Un exemple tiré du quotidien
Les travaux de KAHNEMAN et TVERSKY ne se limitent pas à ces quelques protocoles expérimentaux. Mais, dans ces exemples, la progression dans la mesure de la force de d'ancrage révèle déjà à quel point notre pensée rationelle peut être le jouet de manipulations intentionnelles ou tout simplement contextuelles.

Le site référence sur l'actualité du cinéma en France (www.allocine.fr) pourrait en être un exemple, que nous espérons dénué d'intentionalité.

L'internaute cinéphile a la possibilité d'évaluer un film selon un système de notation basé sur l'attribution d'un nombre d'étoiles allant de 0 à 5. Ici, 5 étoiles qualifient le film de "Chef-d'oeuvre" d'après la cotation de Allociné. La possibilité est également offerte, dans la même zone visuelle de la page, de déposer une critique sous forme de texte. Probablement pour argumenter le nombre d'étoiles décernées.

Mais, et c'est ici que l'effet d'ancrage va être activé, ce dépôt d'avis de l'internaute cotoit immédiatement deux propositions inductives :
- la moyenne des étoiles attribuées par les critiques professionnels et leur nombre
- la moyenne des étoiles attribuées par les spectateurs et leur nombre

La question sera ici de savoir ce qu'il reste de notre esprit critique au moment de critiquer à son tour.

L'intégration du nombre moyen d'étoiles des internautes nous ayant précédés aura-t-elle un effet déclencheur de l'ancrage ?

La notation des professionnels fait-il argument d'autorité pour notre cerveau ?

La précision de la cotation par étoiles (de 0,5 en 0,5) aura-t-il un rôle de catalyseur de l'ancrage ?

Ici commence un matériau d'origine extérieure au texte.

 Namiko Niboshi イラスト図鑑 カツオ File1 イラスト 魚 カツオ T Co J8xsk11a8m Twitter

Voilà qui ne devrait pas rendre la tâche facile à notre encéphale et notre raison pour émettre un avis où l'indépendance est totalement déclarée. Et c'est sans compter que d'autres biais cognitifs sont généralement à l'oeuvre pendant que l'effet d'ancrage se manifeste.

Conclusion
On pourra regretter, mais certainement pas s'étonner, que des travaux aussi précieux sur nos fonctions cognitives profondes aient été immédiatement digérées par les marchés financiers. On remarquera d'ailleurs que KAHNEMAN à obtenu le prix Nobel d'économie, alors qu'il ne possède aucune qualification en la matière puisque psychologue. Ajoutons à cela que le prix Nobel d'économie n'a jamais été... nobélisé. Il s'agit, dans sa désignation exacte, du "Prix de la Banque de Suède en sciences économiques en mémoire d'Alfred Nobel". Voilà qui en dit un peu plus long sur ceux qui se sont aujourd'hui plongés corps et âmes dans l'exploitation de ces connaissances.

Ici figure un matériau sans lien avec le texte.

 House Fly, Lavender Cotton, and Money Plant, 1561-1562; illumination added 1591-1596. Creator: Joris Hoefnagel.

A minima, il faudra garder à l'esprit que l'effet d'ancrage est certainement le biais cognitif le plus à l'oeuvre en chacun de nous, le plus étudié et par là même, le plus exploité. Et il est possible, même si les résutats devaient être modestes, d'exercer quotidiennement notre vigilance et notre résistance cérébrale à ce piège.

En lisant autrement les étiquettes de prix lors des soldes. En analysant différement une offre sur un site de petites annonces. En répondant défensivement à la proposition commerciale d'un prospecteur.